なら、せっかくだからお言葉に甘えてしまおう。
すでに半分ほどまで読んでしまった。もう一回くらいは読み返したいし、まだすぐには返せなさそうだ。
学校だとか、外には一切持ち出していない。そんな抜けているつもりはないけれど、万が一なくしてしまった場合、どうしようもないから。
心配していた生徒会長のイベントは、今のところ起きる気配はない。
まあ、上位といっても私の上に二十一人もいるわけで、現実的に考えれば、わざわざ私に声をかけるのも変な話だ。
常識が通用しないのが、乙女ゲームのイベントというものなのかもしれないけれど。
ゲームの世界でも、私にとっては現実。
あまり理屈の通らないことは起きてほしくなかった。
本を読んでいるのは夜だけじゃない。
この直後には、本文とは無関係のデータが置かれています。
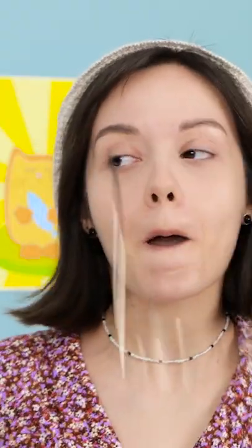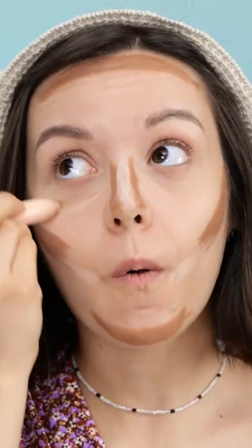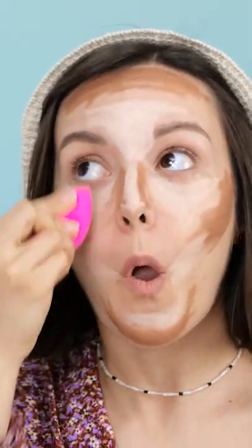I want to try! Under the cheekbones, huh? Easy with that thing. Yep, under the eyes. You're a little heavy-handed there. Now I blend, right? Yeah. No. You may have to practice your technique.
そんなの、活字中毒の私に耐えられるわけがない。
休み時間に読むために学校に持ってくるのは、もっぱら文庫本だ。
理由は単純。軽くてかさばらないから。
大真面目な本のときもあれば、ラノベのときもある。ミステリーのときもあるし、ノンフィクションのときもある。
私は基本、雑食だ。文字であれば辞書だってチラシだって読む。あれも意外と楽しいものだったりする。
そんなわけで、今日学校に持ってきているのは、女子高生や女子大生が好んで読むレーベルの、ファンタジーな恋愛小説だ。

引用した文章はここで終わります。